Uluslararası öğrenci hareketliliğinden üniversitelerin ve ülke ekonomilerinin doğrudan elde ettiği gelir pastası gittikçe büyümektedir. Küresel öğrenci hareketliliğinin ülke ekonomilerine doğrudan katkısı 150 milyar dolar civarında seyretmektedir. Bu pastadan 15 milyar dolar civarında pay almakta olan Avustralya’da eğitim gelirleri, en çok gelir getiren ihraç kalemleri arasında ilk beşte yer almaktadır.
 
İnovasyon projeleri
 
Akademik kapasitenin gelişimi ve teknolojik çalışmalarda da uluslararası öğrenciler ve araştırmacılar etkin rol oynamaktadır. ABD’deki mühendislik, fen ve sağlık bilimlerindeki lisansüstü öğrencilerin üçte biri yabancıdır. İnovasyon projeleri ve yeni patent üretiminde bu öğrencilerin katkısı yadsınamaz. Akademik gelişim ve teknolojik ilerlemede dünyanın başarılı öğrencilerini çekmek için önde gelen ülkeler ve onların popüler üniversiteleri programlar geliştirmektedirler.
 
Görüldüğü üzere yükseköğretim alanındaki uluslararasılaşma,hemen hemen tüm sektörlere hitap etmekte ve bütüncül yaklaşımlar gerektirmektedir. Dolayısıyla “yükseköğretimde uluslararasılaşma” hükümetin dış politikası ile uyumlu, aynı zamanda ilişkili sektörler ve paydaş kurumlar ile koordineli olarak bütüncül bir strateji çerçevesinde ele alınmalıdır. Bu noktada başarılı olmuş ülkelerin stratejilerine bakıldığında planlamanın ve sürecin bütüncül olarak hükümet düzeyinde yönetildiğini, dış politikası ile doğrudan bağlantılı, ekonomi ve teknoloji politikaları ile koordineli olduğunu görüyoruz.
 
Türkiye’nin, son yıllarda ekonomik ve siyasi istikrarı sağlaması, tarihi ve kültürel coğrafyası ile ilişkilerini geliştirmeye başlaması ve çok taraflı ve çok boyutlu dış politika adımları atması yükseköğretim alanına da etki etmeye başlamıştır. Onuncu beş yıllık kalkınma planında yükseköğretim alanında yapısal dönüşüm ve uluslararasılaşma hedefleri yer almıştır.
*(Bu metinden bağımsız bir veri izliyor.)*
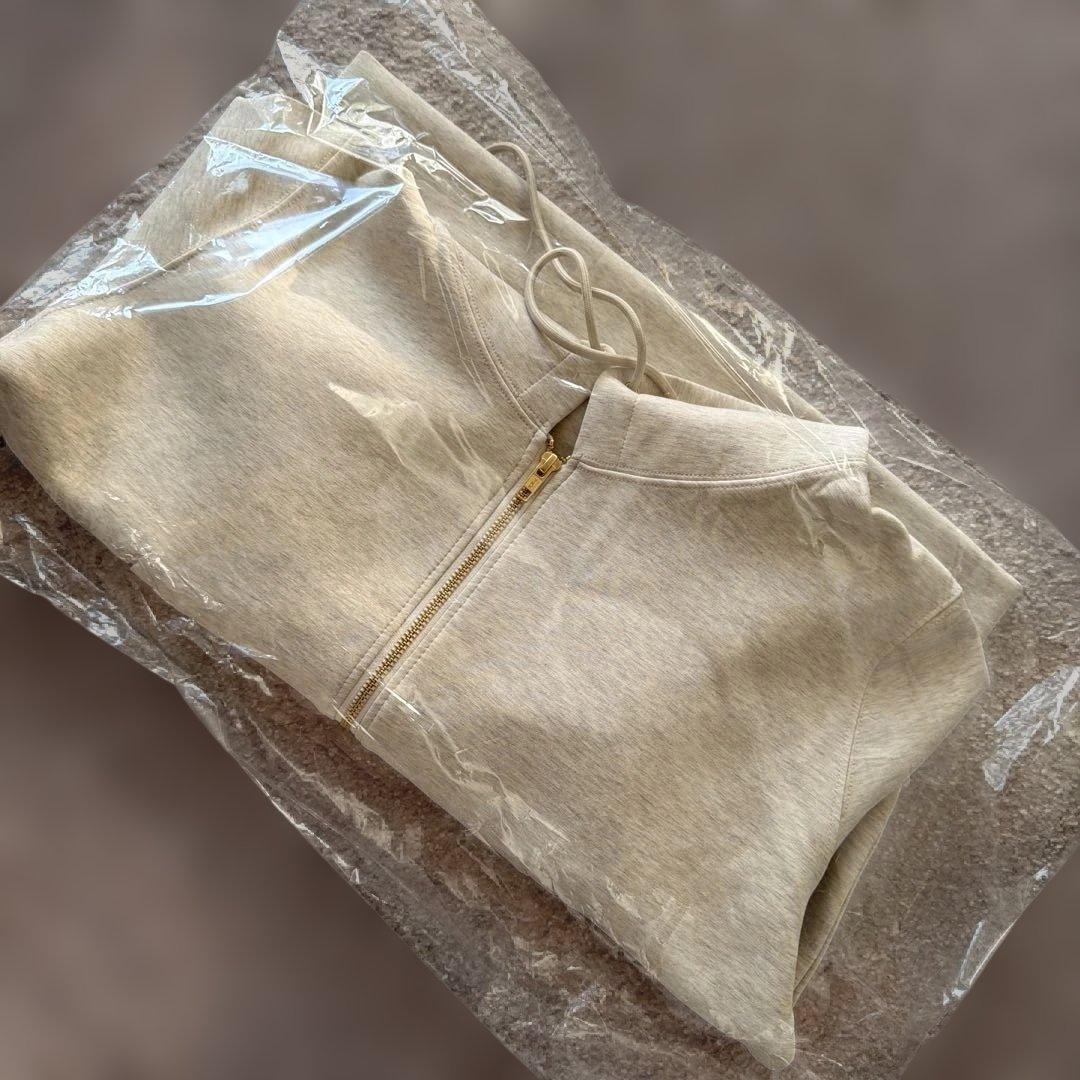 新品 【Spick and Span】ストレッチジップフードパーカー ホワイトA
Yükseköğretim Kurulu uluslararasılaşmayı öncelikli hedeflerden biri olarak kabul ederek düzenlemeler yapmıştır. Üniversitelerin uluslararası öğrenci kabul kriterleri değiştirilerek merkezi sınav sistemiterk edilmiş ve ücret politikalarının genel çerçevesi çizilerek üniversiteler fiyat politikasında serbest bırakılmıştır. Ekonomi Bakanlığı, eğitim sektörünü ihraç kalemleri arasına almış ve üniversitelere teşvik paketleri oluşturmuştur. Türkiye ayrıca yeni burs programları ile öğrenci hareketliliğini artırmaya başlamıştır. “Türkiye Bursları” uygulaması ve Mevlana değişim programı son dönemde başlayan önemli projelerdir.  
 
Son 3 yılda Türkiye’deki uluslararası öğrenci sayısı iki katına çıkarak 55 bine ulaşmıştır (2014 yılı yeni kayıtlar hariç). 150 ülkeden Türkiye’de eğitim almaya gelen öğrenciler Türkiye’nin dış politikadaki açılımları ile uyumlu olarak çeşitlenmiştir. Uzak Asya’dan, Latin Amerika’ya, Afrika’dan Balkanlar ve Orta Asya’ya kadar farklı milletler ve kültürlerden nitelikli öğrenciler ülkemizi tercih etmeye başlamıştır. Aynı şekilde karşılıklı akademisyen hareketliliğinde de artış görülmektedir.
 
Türkiye’de son yıllarda yükseköğretim alanında yaşanan niceliksel gelişme, üniversitelerin uluslararasılaşma çabaları ve hükümet düzeyinde gerçekleştirilen altyapı düzenlemeleri ve teşvik politikaları uluslararasılaşma politikası çerçevesinde atılan önemli adımlar olmuştur. Yükseköğretim alanında yapısal düzenlemelerin devamı, üniversite eğitiminin ürettiği bilgi ve yaptığı araştırmalarla farklılaşması, idari süreçlerin etkinleştirilmesi ve barınmadan araştırma kapasitesine altyapı imkânlarının rekabetçi olması uluslararasılaşmanın gelişimi için gereklidir. Türkiye’nin kalkınma programları, sektörel gelişme hedefleri ile bölgesel ve küresel vizyon ve imkanları dikkate alınarak “uluslararasılaşma” çalışmaları ivme kazanarak devam etmelidir. Uluslararasılaşma çalışmalarında, Türkiye’nin siyasi coğrafyası ve kültürel etki alanı üniversiteler tarafından öncelikle dikkate alınmalıdır. Genel olarak kabul edildiği üzere yükseköğretimde uluslararasılaşma “Kamu Diplomasisi” ve “Kültürel Diplomasi” stratejilerinin en etkili enstrümanlarından biridir.